Essa violação é direta ao direito à dignidade da pessoa humana.
2. Geissimara Alves de Deus — a solidariedade criminalizada
Geissimara é fisioterapeuta. No dia 8 de janeiro, estava no gramado e ajudou uma senhora ferida por balas de borracha. Um policial pediu que ela ajudasse a levar a senhora para dentro do Palácio. O vandalismo já havia ocorrido.
Mesmo assim, ela foi presa apenas por socorrer uma senhora ferida, acompanhada por um policial. Esse gesto de humanidade foi interpretado como participação em tentativa de golpe.
Foi condenada a 14 anos de prisão, sem imagens, sem provas de depredação e sem violência. Na prisão, sofreu agressões físicas, perdeu mais de 20 kg e hoje vive com sérias sequelas físicas e mentais.
Está em prisão domiciliar, concedida por razões humanitárias, mas impedida de trabalhar, de frequentar cultos e até de aparecer em fotos publicadas por terceiros — uma grave violação aos direitos humanos.
3. Rosângela Maria Ronconi — a fé transformada em prova de crime
Rosângela foi condenada a 12 anos de prisão apenas por estar em Brasília e aparecer em uma foto segurando um rosário e uma imagem de Nossa Senhora Aparecida.
Ela nunca praticou qualquer ato de violência. Mesmo assim, perdeu o emprego público e foi obrigada a buscar refúgio na Argentina, onde vive em condições precárias, vendendo cachorro-quente nas ruas.
Seu caso representa a criminalização da fé e a perseguição religiosa — uma violação direta ao artigo 12 da Convenção Americana dos Direitos Humanos.
4. Marisa Fernandes Cardoso — a pena que não acaba
Marisa foi condenada a um ano de prisão, convertida em pena restritiva de direitos.
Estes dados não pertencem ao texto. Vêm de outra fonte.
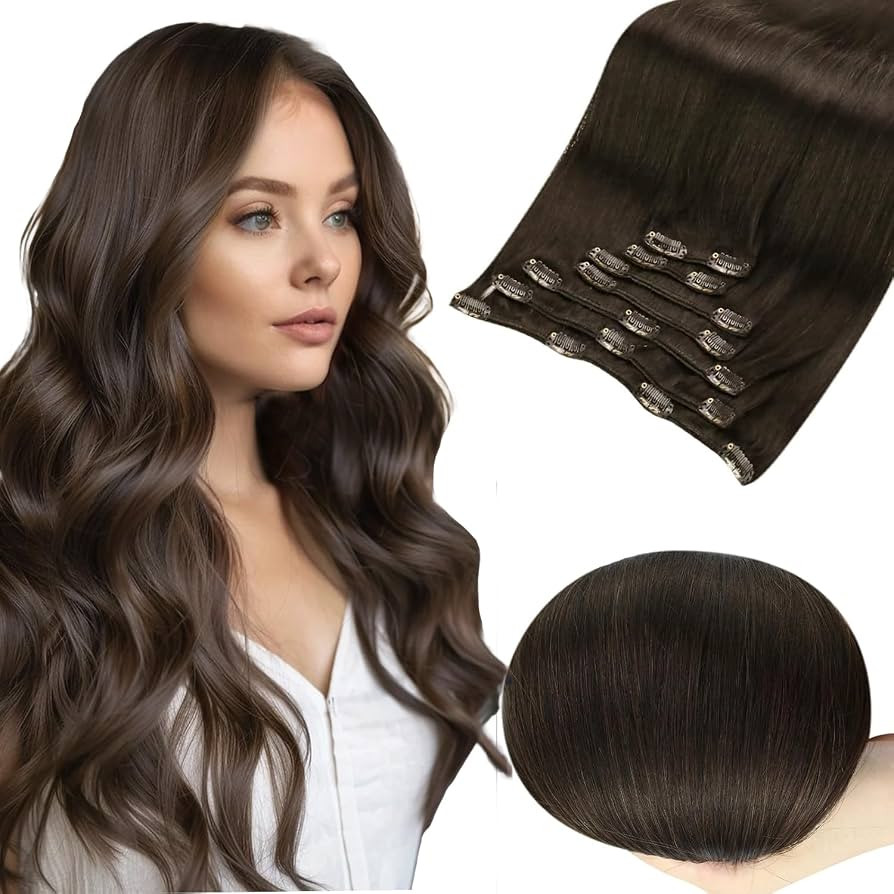 Full Shine Dark Brown Clip in Hair Extensions Real Human Hair Long Double Weft Human Hair Clip in... | Amazon (US)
Porém, há mais de 2 anos e 11 meses, cumpre medidas cautelares que superam em quase três vezes o tempo da sua pena.
Ficou 3 meses encarcerada e atualmente usa tornozeleira eletrônica, com recolhimento noturno e nos finais de semana. Não há nenhuma prova material contra ela. O que existe é um símbolo da desproporcionalidade, uma pena antecipada, prolongada e injusta. Essas medidas cautelares não serão abatidas em sua pena restritiva. Marisa é professora da rede pública, ganha pouco.
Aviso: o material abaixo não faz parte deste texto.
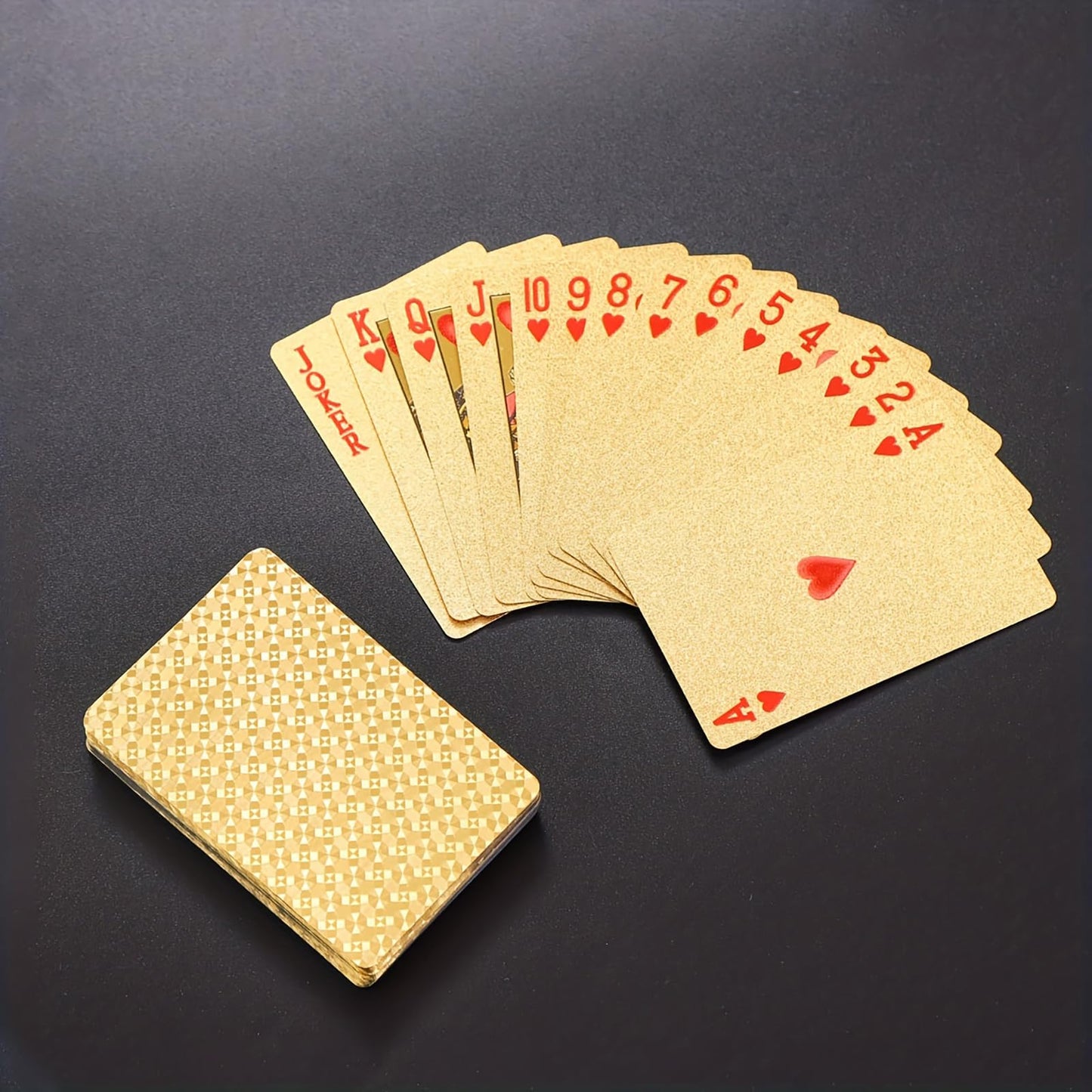 SFALCI 1pc Waterproof Plastic Poker Playing Cards PET Table Games Halloween/Thanksgiving Day (Golden Color)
5. Paulo Gabriel da Silveira e Silva — o comerciante condenado por estar presente no dia errado
Paulo Gabriel chegou a Brasília no dia 9 de janeiro pela manhã, um dia após os fatos, para vender bandeiras do Brasil. Não participou de manifestações, não entrou em prédios públicos, não depredou nada.
A defesa pediu a geolocalização do celular para provar que ele não estava em Brasília no dia do crime. O pedido foi negado, alegando ser meramente protelatório. O juiz indeferiu a produção de prova de inocência.
Paulo Gabriel não tem antecedentes, não há testemunhas, não há imagens, não há sequer um indício de participação criminosa. Mesmo assim, foi processado, exposto e punido.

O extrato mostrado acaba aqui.